> Your objective: What are the lines from the top of the entries below through the line containing "Aritzia-Super-Puffer-Short-Jacket-dew-blue"? Return them exactly, both ends included, without the pictures.

> Data provided:
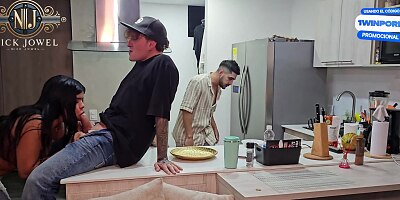 Double Penetration: Cumshot & Squirt. Wild 3some with RosxanaGutierrez!
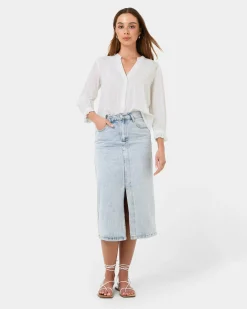 Akira Vneck Embroidery Blouse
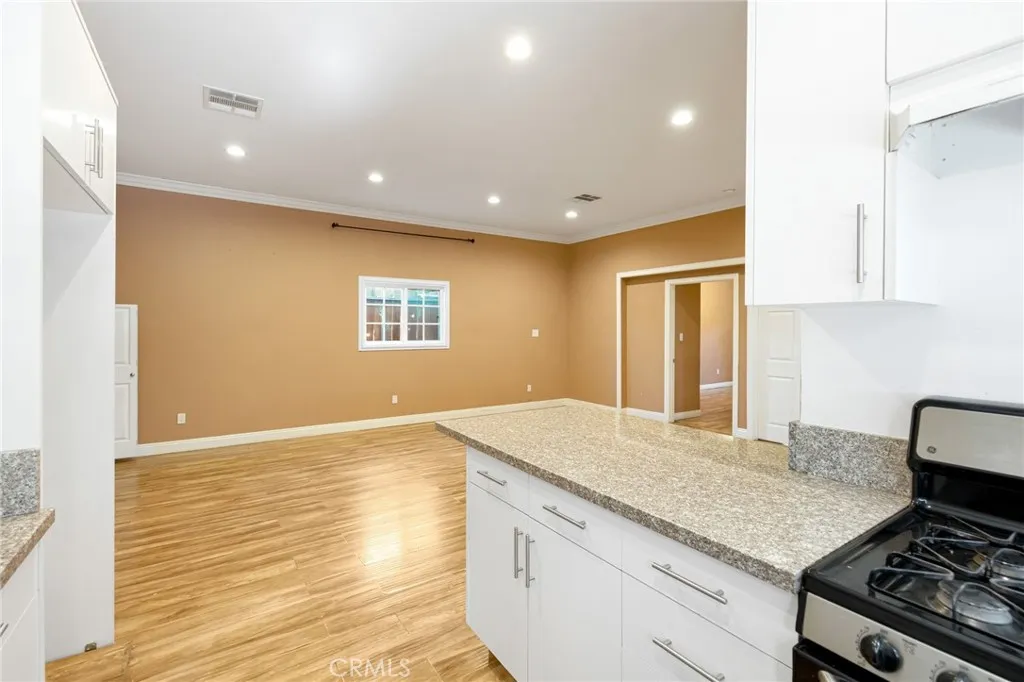 Additional image 10 of 15549 Ludlow Unit A, Mission Hills (San Fernando), CA 91345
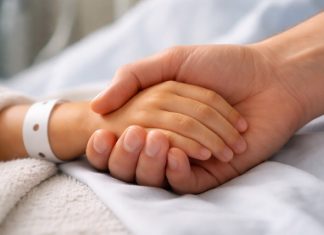Roditelj-negovatelj od 1. oktobra: Naknada 65.000 dinara i pravo na osiguranje Roditelj-negovatelj: Od 1. oktobra naknada 65.000 dinara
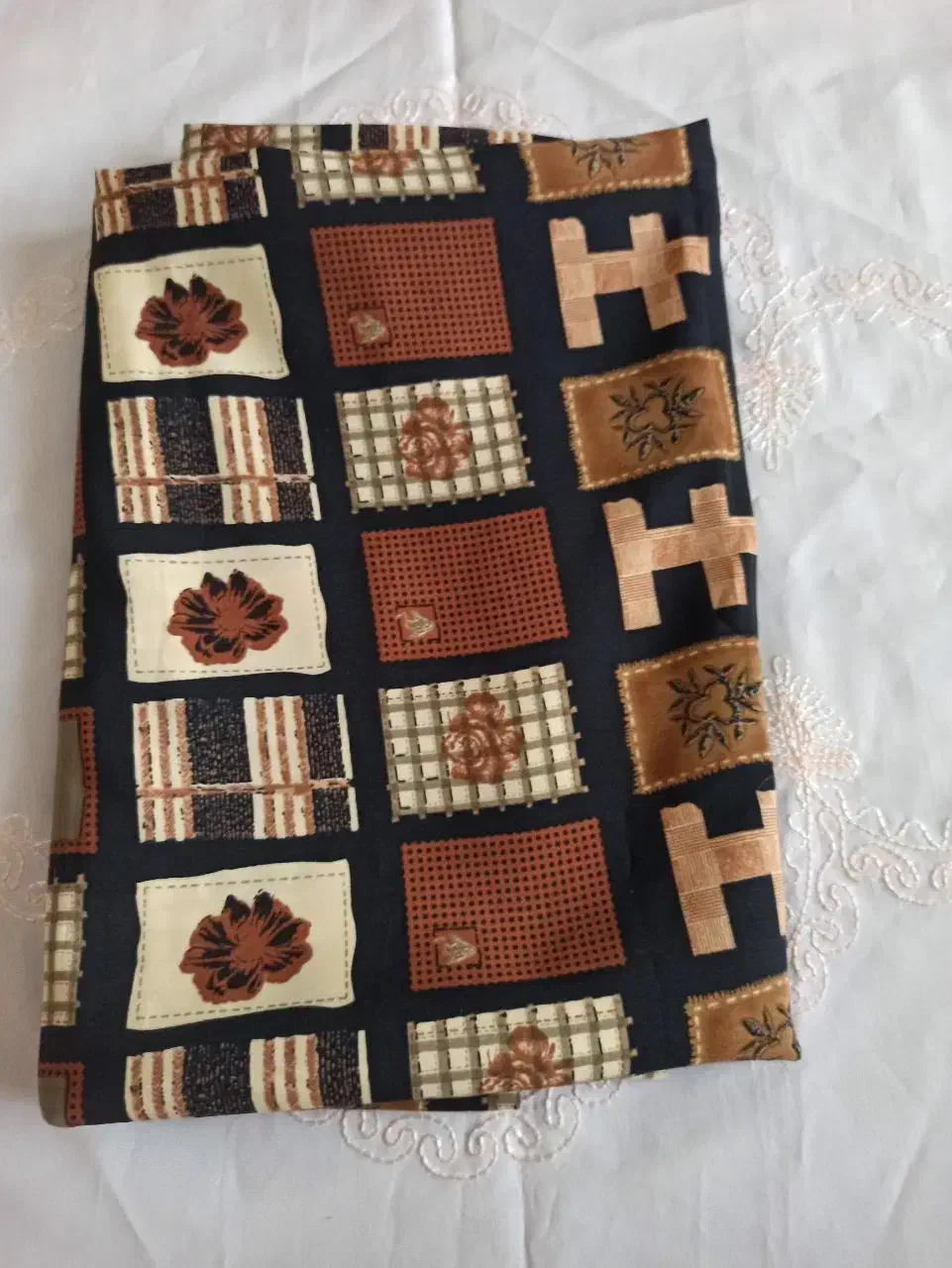 پارچه|لوازم خیاطی و بافتنی|بجنورد, |دیوار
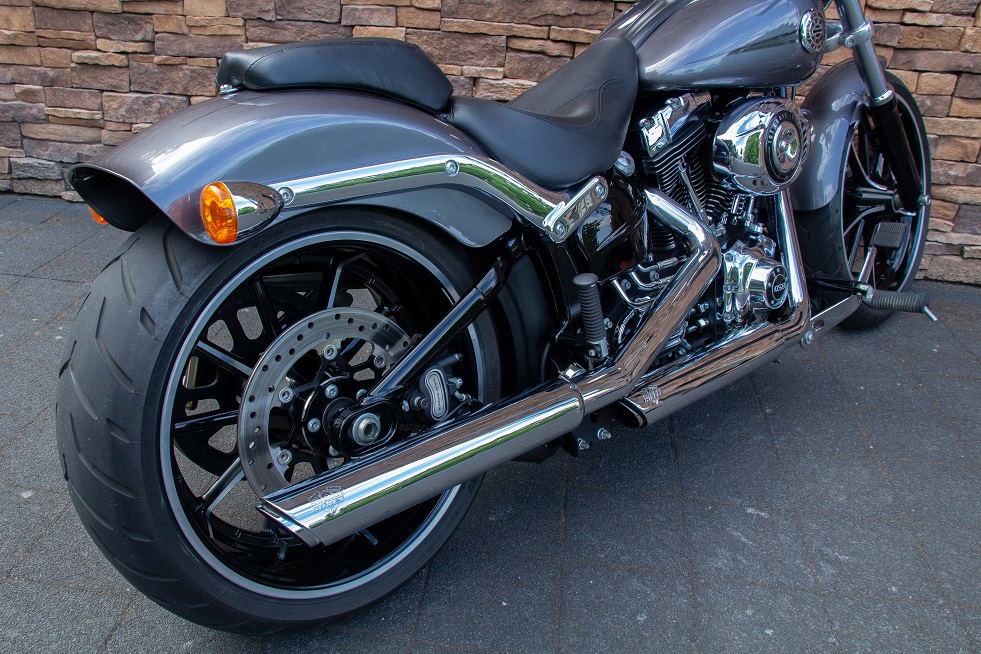 2015 Harley-Davidson FXSB Softail Breakout 103 VH
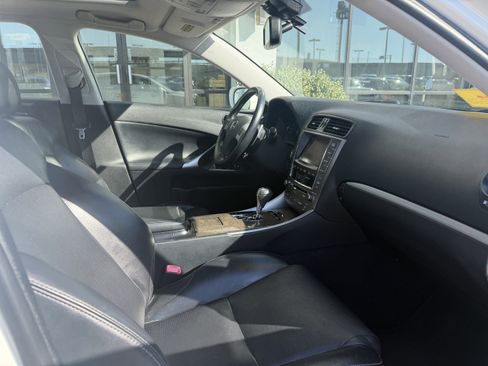 Used 2011 Lexus IS 250 AWD w/ Luxury Plus Value Edition image 19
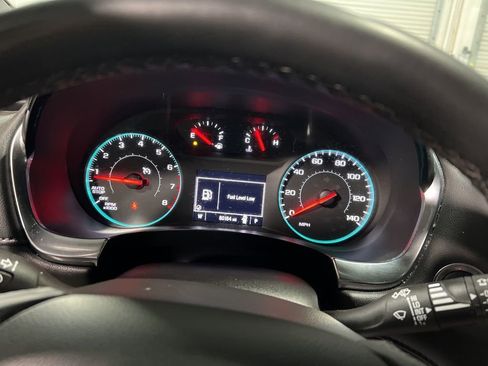 Used 2023 Chevrolet Traverse LT image 26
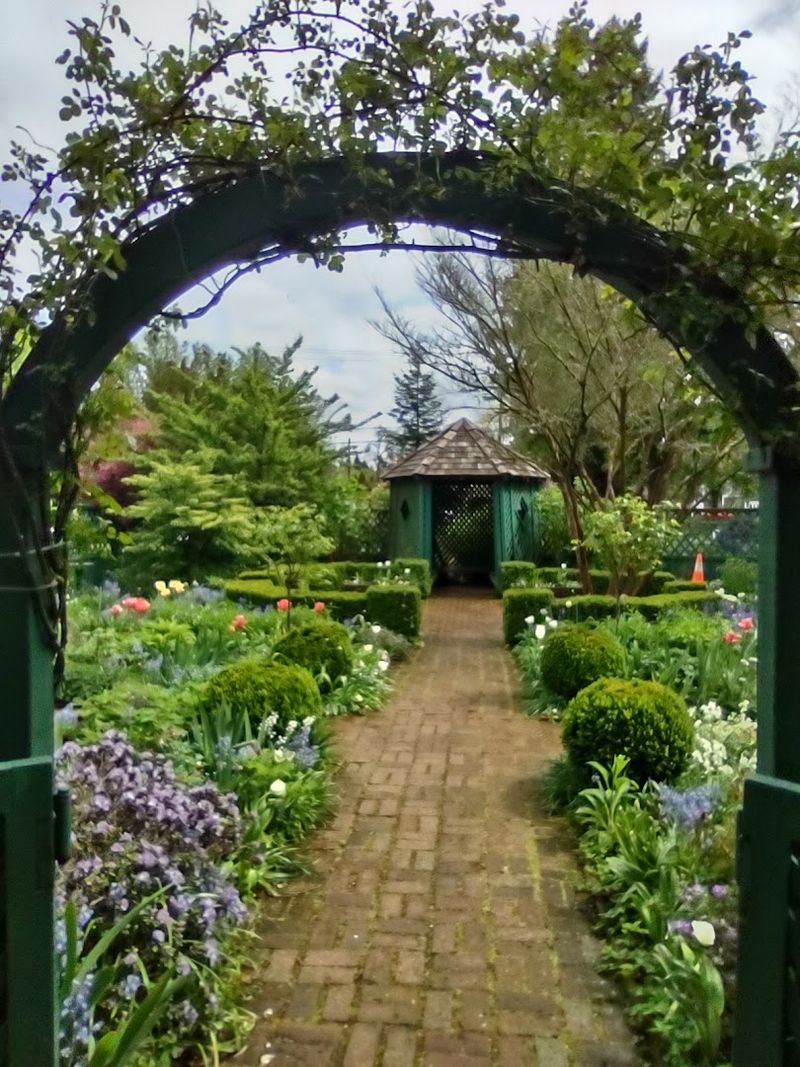 Free Access to the Formal Gardens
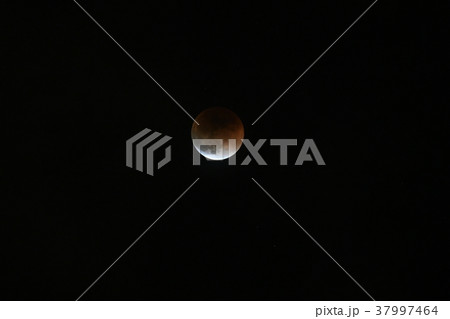 青い帯・皆既月食（スーパーブルーブラッドムーン）＝1月31日、関連キーワード　皆既月食連続写真 37997464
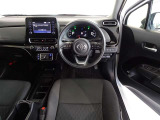 革巻きステアリングで快適な操作性の運転席です。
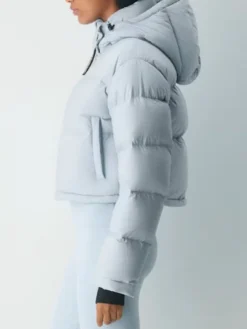 Aritzia-Super-Puffer-Short-Jacket-dew-blue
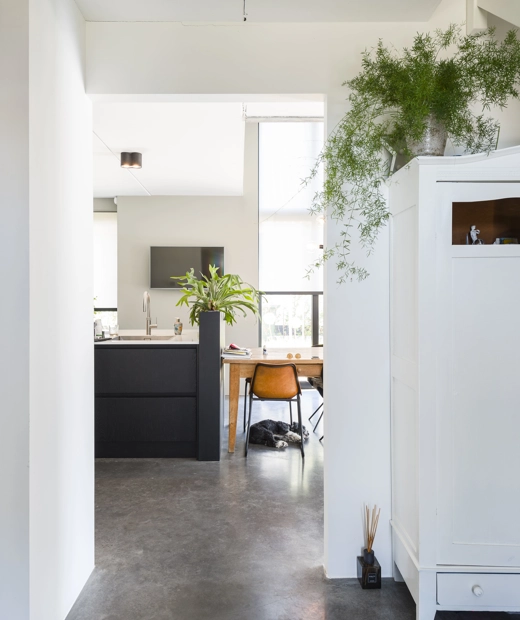 Modern interieur met doorkijkje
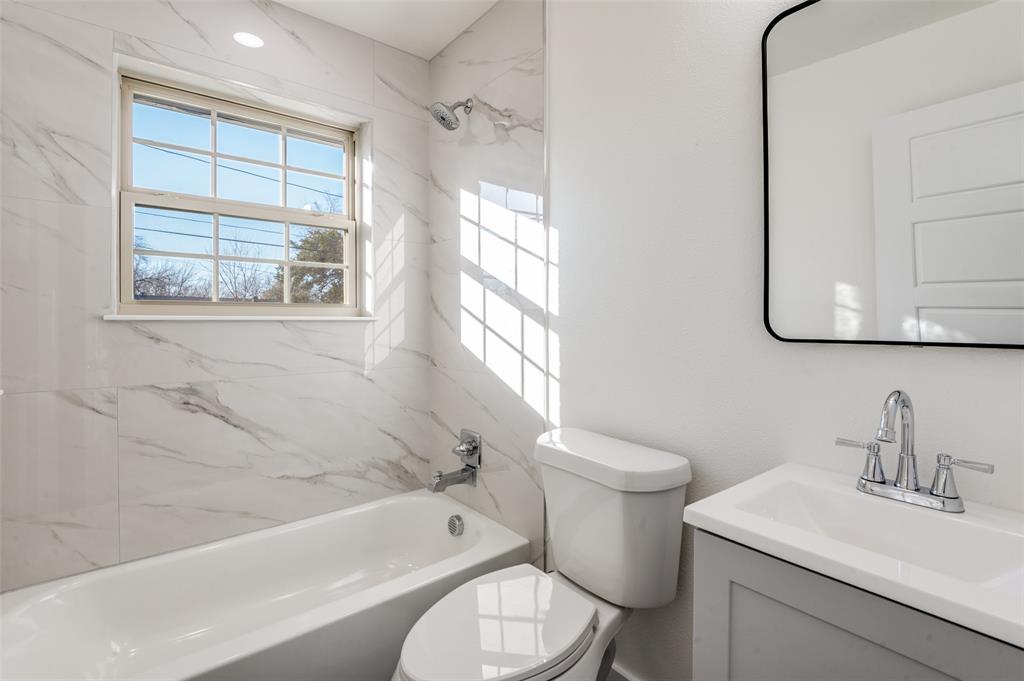 Valwood Park 14 - Residential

> Written response:
 Double Penetration: Cumshot & Squirt. Wild 3some with RosxanaGutierrez!
 Akira Vneck Embroidery Blouse
 Additional image 10 of 15549 Ludlow Unit A, Mission Hills (San Fernando), CA 91345
Roditelj-negovatelj od 1. oktobra: Naknada 65.000 dinara i pravo na osiguranje Roditelj-negovatelj: Od 1. oktobra naknada 65.000 dinara
 پارچه|لوازم خیاطی و بافتنی|بجنورد, |دیوار
 2015 Harley-Davidson FXSB Softail Breakout 103 VH
 Used 2011 Lexus IS 250 AWD w/ Luxury Plus Value Edition image 19
 Used 2023 Chevrolet Traverse LT image 26
 Free Access to the Formal Gardens
 青い帯・皆既月食（スーパーブルーブラッドムーン）＝1月31日、関連キーワード　皆既月食連続写真 37997464
 革巻きステアリングで快適な操作性の運転席です。
 Aritzia-Super-Puffer-Short-Jacket-dew-blue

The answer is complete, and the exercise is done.